Search code examples
pythonweb-scrapingbeautifulsoupdata-extraction

Comments are visible on the webpage, but the html object returned by BeautifulSoup did not contain the comment parts


I tried to extract the text content of comments from a web page using its URL link, and I used BeautifulSoup for scraping. The content of comments is visible on the page when I clicked the URL link, but the HTML object returned by BeautifulSoup did not contain these tags and texts.

I used BeautifulSoup with 'html.parser' to do the web scraping. I successfully extracted the number of likes/views/comments of the video in the given webpage, but the information of comment sections was not included in the HTML file. The browser I used was Chrome, and the system is Ubuntu 18.04.1 LTS.

This is the codes I used (in python):

from urllib.request import urlopen
from bs4 import BeautifulSoup
import os

webpage_link = "https://www.airvuz.com/video/Majestic-Beast-Nanuk?id=59b2a56141ab4823e61ea901"

try:
    page = urlopen(webpage_link)
except urllib.error.HTTPError as err:  # webpage cannot be found
    print("ERROR! %s" %(webpage_link))

soup = BeautifulSoup(page, 'html.parser')

The expected result is the soup object contains all the content which is visible on the webpage especially the text content of comments (like "Not being there I enjoyed a lot seeing the life style of white bear.
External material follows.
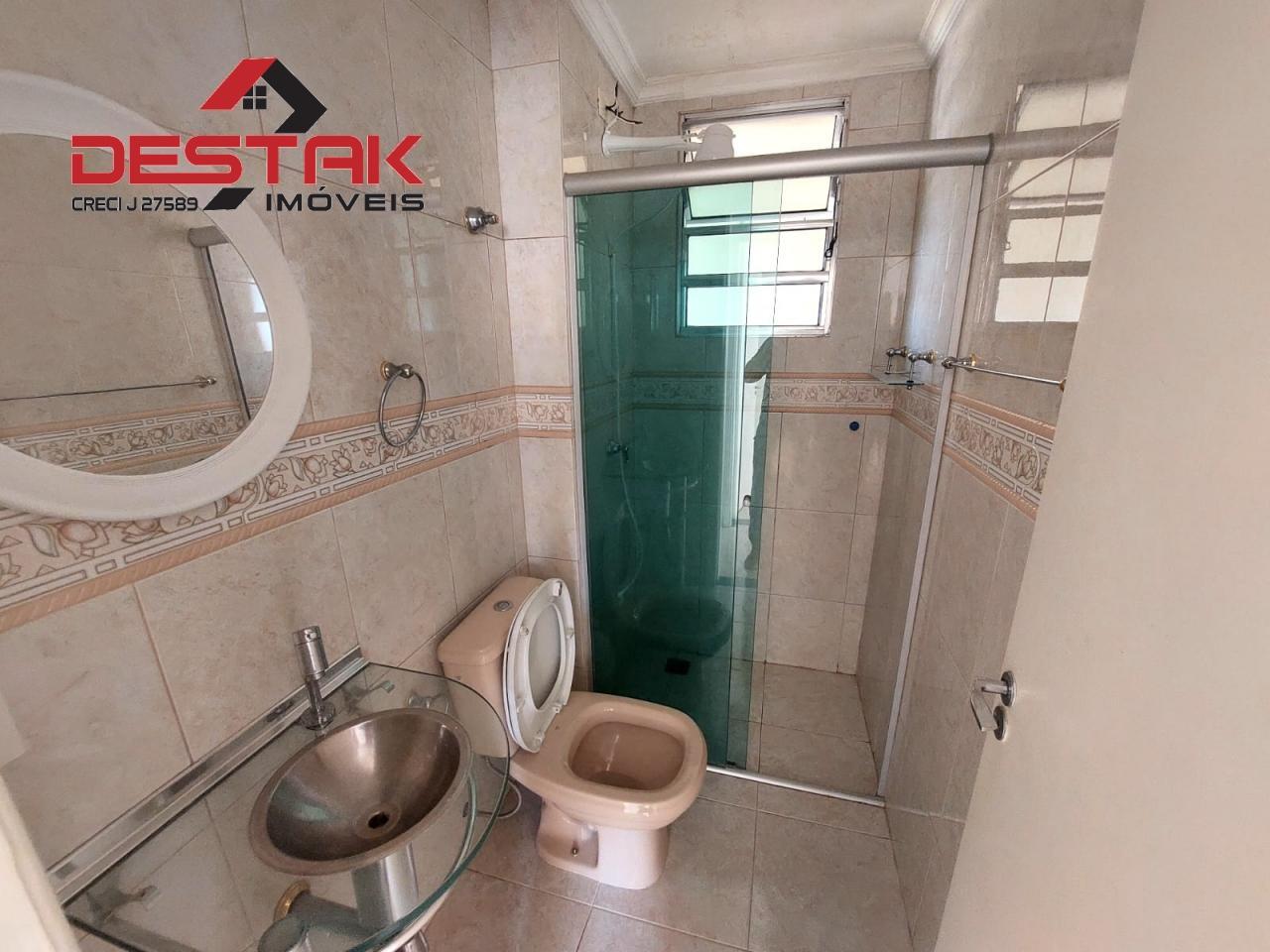 Apartamento, 3 quartos, 70 m² - Foto 7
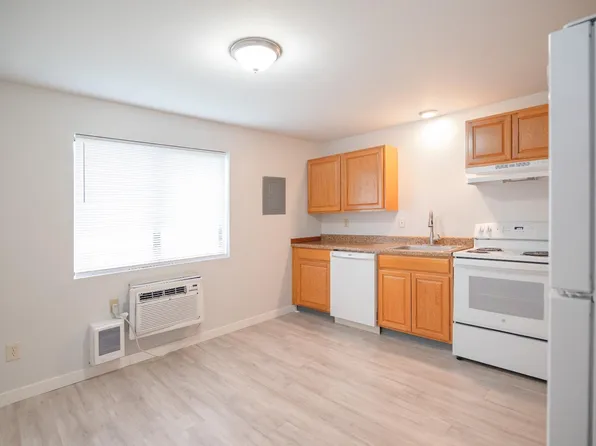 606 N 3rd St #A, Yakima, WA 98901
Thanks to the provider for such documentary." and "WOOOW... amazing..."); however, I could not find the corresponding nodes in the soup object. Any help would be appreciated!


Solution

  • The comments are generated by JavasSript via an ajax request. You can send the same request and get the comments from the json response. You can find the request using the network tab in the inspect tool.

    from urllib.request import urlopen
    from bs4 import BeautifulSoup, Comment
    import json
    webpage_link = "https://www.airvuz.com/api/comments/video/59b2a56141ab4823e61ea901?page=1&limit=20"
    page = urlopen(webpage_link).read()
    comments_json=data = json.loads(page)
    for comment_info in comments_json['data']:
        print(comment_info['comment'].strip()) 
    

    Output

    Not being there I enjoyed a lot seeing the life style of white bear. Thanks to the provider for  such documentary.
    WOOOW... amazing...
    I've been photographing polar bears for years, but to see this footage from a drones perspective was epic! Well done and congratz on the Nominee! Well deserved.
    You are da man Florian!
    Absolutely outstanding!
    This is incredible
    jaw dropping
    This is wow amazing, love it.
    So cool! Did the bears react to the drone at all?
    Congratulations! It's awesome! I am watching in tears....
    Awesome!
    perfect video awesome
    It is very, very beautiful !!! Sincere congratulations
    Made my day, exquisite, thank you
    Wow
    Super!
    Marvelous!
    Man this is incredible!
    Material is good, but  edi is bad. This history about  beer's family...
    Muy bueno!